Ygritte had a good long look at Jon Snow before she was shot, meaning that she just couldn’t bring herself to do it. What she had shared with Snow in the cave and elsewhere was just too strong – remember “I'm your woman now, Jon Snow. You're going to be loyal to your woman”?

Game of Thrones has a real problem with happy couples, in that it has none. Apart from the now deceased Starks + Khal Drogo & Daenerys (although their relationship seemed to have started with rape), these two were the only functioning couple in GoT, and now GRRM has extinguished that hope as well. Well, atleast we have Littlefinger and Sansa to look forward to! Hey, don’t run away, come back…

The moment when Jon Snow holds her in death was a true Hollywood moment, but it’s been earned; there was real pathos here.

Janos Slynt: Here's a list of things Slynt has done: (1) turned the City's Watch against Ned Stark (at Littlefinger's behest) (2) massacred Robert Baratheon's bastard children. (3) personally murdered a baby and (4) called Jon Snow a "bastard son of traitors". I hope he dies soon.

“I made a promise to defend the wall and I have to keep it…because that’s what men do!”
Samwell Tarly & Gilly – Samwell finally confronts his feelings for Gilly and they kiss, in no small part due to Aemon Targaryen. Don’t forget that Gilly is only alive because Ygritte saved her…

By the way, is Olenna Tyrell the lady Targaryen was talking about? He’s about 20 years older than her so it’s unlikely, but she did say a while ago that Targaryen boys were all the rage back then…

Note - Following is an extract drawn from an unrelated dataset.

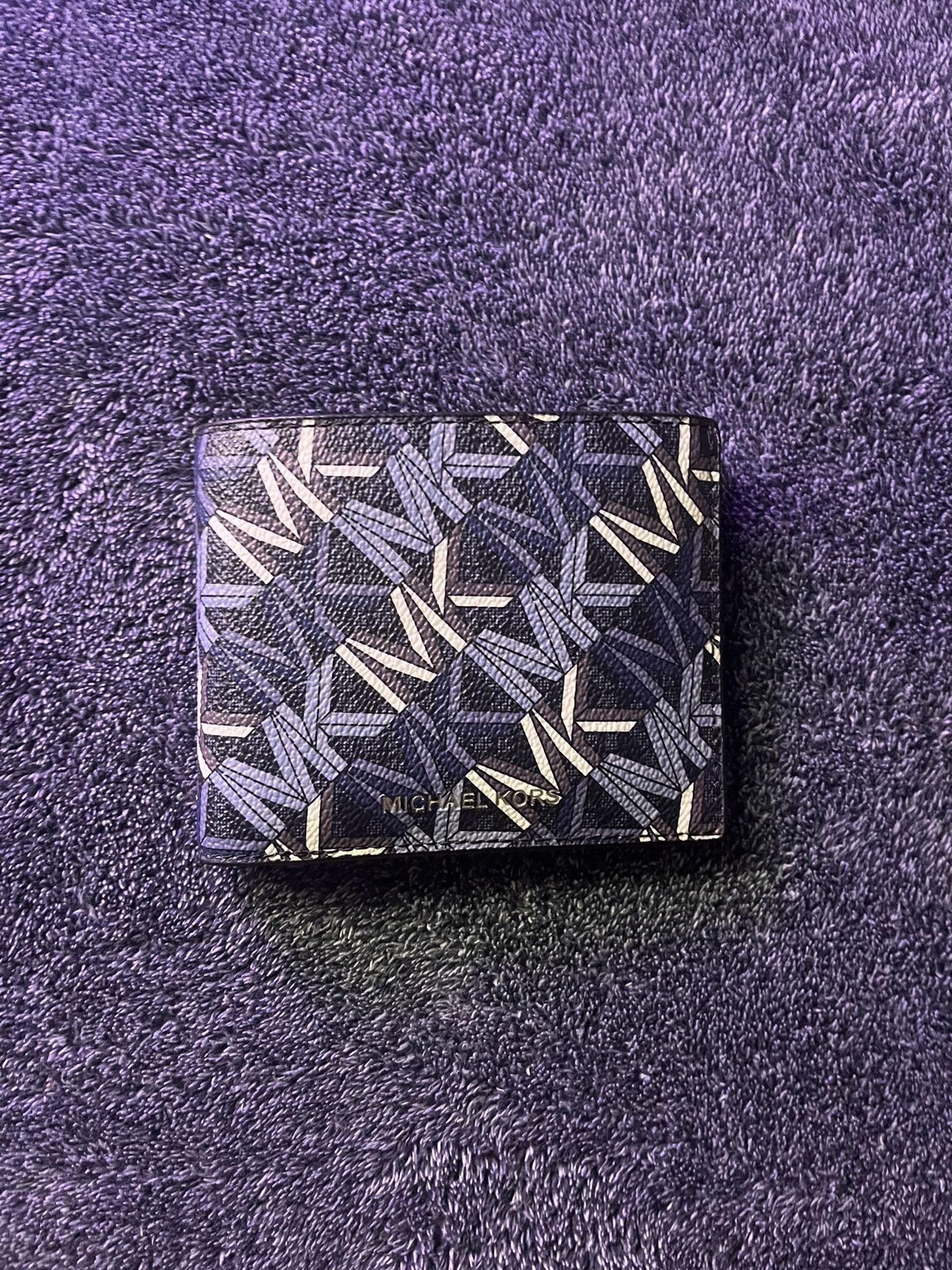Michael Kors Wallet - Nearly Brand New Condition!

Pypar, Grenn and many others: we didn’t get to know them too well, but their non-witty banter with Jon and Samwell will be missed. They were true brothers and the only friendships in Game of Thrones that you knew were unbreakable. And now their watch is ended.

Aemon Targaryen: Haters gon’ hate, but playas gon’ play.

Other observations:
Game of Thrones just gets more and more eloquent: “a nice juicy slice of ginger minge” was a particularly poetic turn of phrase. They simply don’t give a damn.

Also poetic was the justice served cold by the child Olly on Ygritte with an unusually well-aimed arrow. Who knew Olly was so good?

Apparently, the wildling version of a weird drunk sexy story involves copulating with a bear…“She was nice and soft down below”.

The Yorkshire accent seems to be the go-to Northern accent: both Jon Snow and Ygritte are Southern actors putting on ‘Northern’ accents.

“And she never offered”. Poor old virginal Sam…well, atleast you kissed her now! On a related note, he seems to have read the pledge a little too closely…

Aemon: “Old age is a wonderful age of ironies”. He must regret not taking the throne – look where it’s gotten Westeros.

So what next? We’ll get to see some sort of “Heart of Darkness” parallel with Lord Snow going deep inside Mance Rayder’s territory to coax or kill. This is what Game of Thrones likes best, stripping narrative down to the bare bones. But if this takes him longer than a few hours, will there be anything left to defend? Where are the Greyjoys, Boltons etc. to defend the North?! It wouldn't have happened in Ned Stark's day, I tell thee! Also, hopefully we’ll get resolution on Tyrion’s storyline next week. Oh, and we haven’t seen Stannis and Bran for a while, have we?

AM

Boobs of thrones: Nope.

Violence of thrones: A LOT. That is all.